Yes I’m afraid I was at a conference all last week, sorry it’s taken so long to get back to you!



Anyway unfortunately you said one of the OS’s where there’s no native mechanism to do what I was hoping. On Android for instance, there are ways to avoid various data copy/transfer operations - the camera can write directly to GPU accessible memory for instance. WinCE doesn’t have any such niceties I’m afraid :frowning:



Regardless, if you’re processing live video and can pump more textures in at once, you can still get a speed boost. So instead of your current “upload all the textures, do all the renders, then do all the reads” you should instead interleave them. You essentially need a delay of maybe 10 textures between the reads and the renders, and then again between the renders and the reads. 10 is an entire guess at the appropriate figure, you might get better performance with more delay, so I’d make it configurable and tweak accordingly. Whatever the delay is, you’ll need that many framebuffers, and twice that many textures - so for delays of 10, you’ll need 10 fbos, and 10 texture objects for uploading to, and 10 texture objects to attach to the framebuffers.
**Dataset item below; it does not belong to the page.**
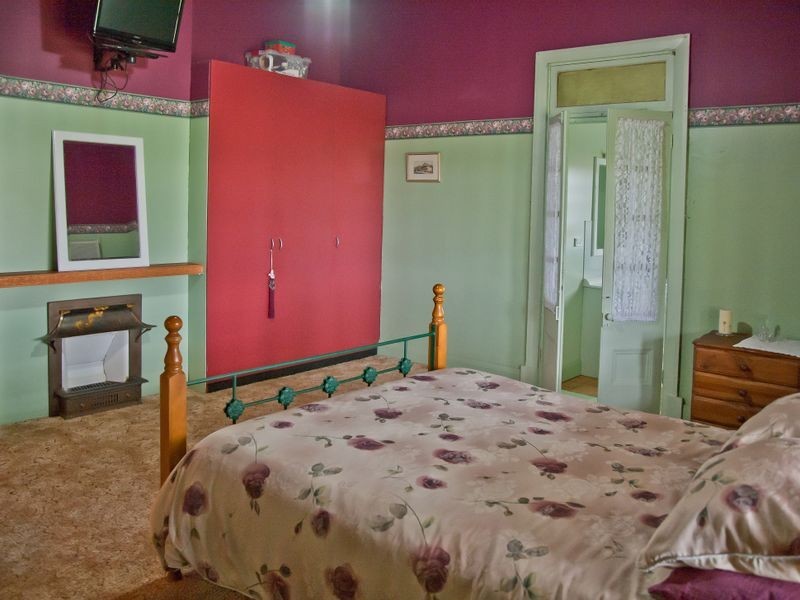 68 Sixth Street, Birdwoodton VIC 3505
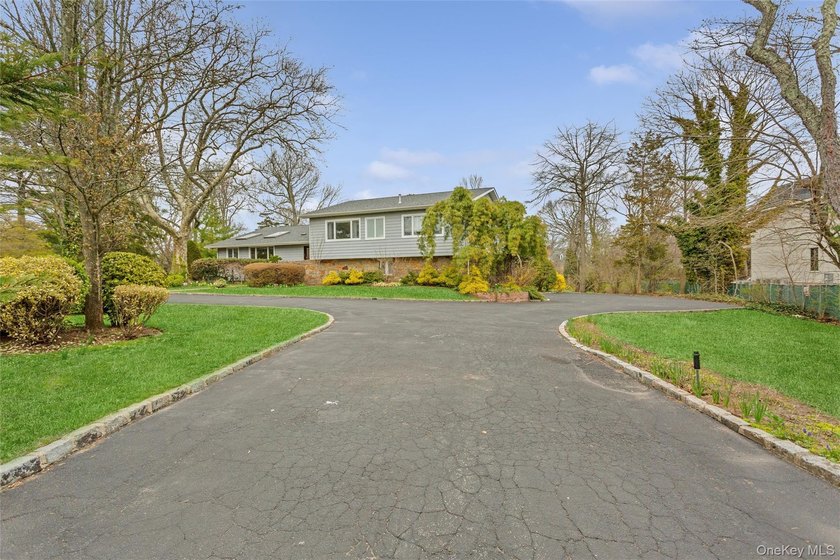 Welcome to this expansive 5-bedroom, 3.5-bathroom residence - photo 4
In case that isn’t clear, here’s the order you’re going for:



Upload 1

Upload 2



Upload 10

Draw 1

Upload 11 // You can start re-using texture handles at this point.

Draw 2

Upload 12



Upload 20

Draw 10

Upload 21

Draw 11 // You can start re-using framebuffers now.

Read 1

Upload 22

Draw 12

Read 2

… //Many frames later, at the end of the video…

Upload n-1 //Final Upload

Draw n-11

Read n-21

Draw n-10

Read n-20



Draw n-1 //Final draw

Read n-11

Read n-10



Read n-1 //Final read



Hope that makes sense… you’re essentially setting up a circular buffer of objects here. As well as this, I’d suggest putting in some glFlush commands after each draw - I’m not 100% sure if that will do anything on the WinCE drivers, but if it does it should help regulate the framerate. If you do implement this and you see a lot of stuttering, it means it’s not working and we’ll try something else. Regardless, this should theoretically make things go a lot faster than your current version.



Regards,

Tobias



P.S. Sorry for the long-winded explanation! Kind of needed it I’m afraid.